First candidate for dean of KU CLAS suggests steps for affordability, relevance

To prepare for his visit to Kansas University, College of Liberal Arts and Sciences dean candidate Walter Hawthorne, among other things, ordered a book about the history of KU.

In it, Hawthorne said he found particular inspiration from the vision of former history teacher and KU Chancellor Frank Strong, who even in the early 1900s prioritized securing adequate funding for the university and ensuring it was a place that reached out to the public.

After all, as Hawthorne pointed out to a crowd gathered to hear him talk Monday in the Kansas Union, he is a historian.

Walter Hawthorne

Hawthorne, professor and chair of the Department of History at Michigan State University, was the first of four CLAS dean candidates scheduled to give public presentations in the coming weeks on the subject “21st Century Challenges to Liberal Arts and Sciences (and how KU will address them).”

Hawthorne’s presentation identified the following five challenges:

• The affordability of college, or the public perception of it.

• Budget challenges.

• “Achieving inclusive excellence,” or increasing faculty and student diversity.

• Demonstrating the relevance and importance of liberal arts and sciences.

• And the “digital revolution.”

On affordability, Hawthorne said it’s important to talk not just about cost but value of college.
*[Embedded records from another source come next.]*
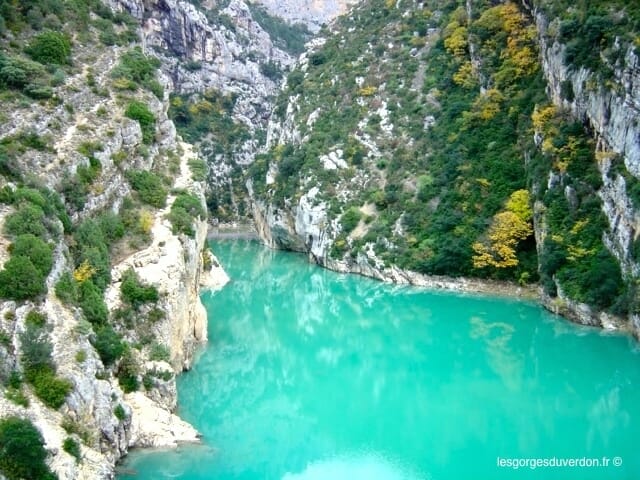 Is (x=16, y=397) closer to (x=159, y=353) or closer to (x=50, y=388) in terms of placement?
(x=50, y=388)

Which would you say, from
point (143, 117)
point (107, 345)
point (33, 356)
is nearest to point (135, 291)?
point (107, 345)

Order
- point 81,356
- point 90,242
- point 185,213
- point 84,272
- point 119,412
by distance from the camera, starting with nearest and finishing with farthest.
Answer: point 81,356
point 119,412
point 84,272
point 90,242
point 185,213

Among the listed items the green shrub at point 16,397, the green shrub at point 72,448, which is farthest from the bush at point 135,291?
the green shrub at point 72,448

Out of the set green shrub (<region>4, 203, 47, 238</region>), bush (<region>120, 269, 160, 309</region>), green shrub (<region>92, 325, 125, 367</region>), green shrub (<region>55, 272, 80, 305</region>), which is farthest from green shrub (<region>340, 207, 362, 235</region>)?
green shrub (<region>4, 203, 47, 238</region>)

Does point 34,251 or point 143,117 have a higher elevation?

He said there are many ways to help ensure it stays affordable, including financial awareness for students — he said he’s often told students to “live like a student today so they don’t have to live like one in the future” — and steps by administration.

Those would include continuous revisiting of the KU CORE class requirements to track how they affect four-year graduation rates, proactive advising with regular progress updates for students, continuing “meaningful” first-year experience efforts and increasing online course offerings. At Michigan State, he said, the history department he leads has developed 25 online summer courses in-house, not only bringing in $1 million a year for the department but also enabling students to go home for the summer and earn credits without paying room and board.

On budget, Hawthorne reiterated the importance of online classes; suggested maintaining and enhancing areas of strategic importance, including attracting top talent in those areas; and said admitting more international students was a must, another area in which Michigan State — with 14 percent international enrollment — has seen success.

“This makes the place quite lively, and since 2008 has been a great revenue generator for us,” he said.

Hawthorne said liberal arts and sciences must modernize courses to ensure they give students “21st century skills” and “experiential learning” to use in jobs, but also communicate the importance of such studies on a broader scale.

“We in the liberal arts and sciences enrich lives,” he said. “Clearly jobs are important, but the purpose of a university is much, much more than that.”

Hawthorne’s research specialty is upper Guinea, the Atlantic and Brazil, with particular interest in the history of slavery and the slave trade, according to his bio provided by KU. His publications include the books “Planting Rice and Harvesting Slaves: Transformations along the Guinea-Bissau Coast, 1400-1900” in 2003, and “From Africa to Brazil: Culture, Identity, and an Atlantic Slave Trade 1600-1830” in 2010.

Prior to Michigan State, Hawthorne taught at Ohio University, the University of Vermont and Mills College in Oakland, Calif. He earned his doctorate in history in 1998 from Stanford University.

The new CLAS dean will replace Danny Anderson, who left KU to become president of Trinity University in San Antonio.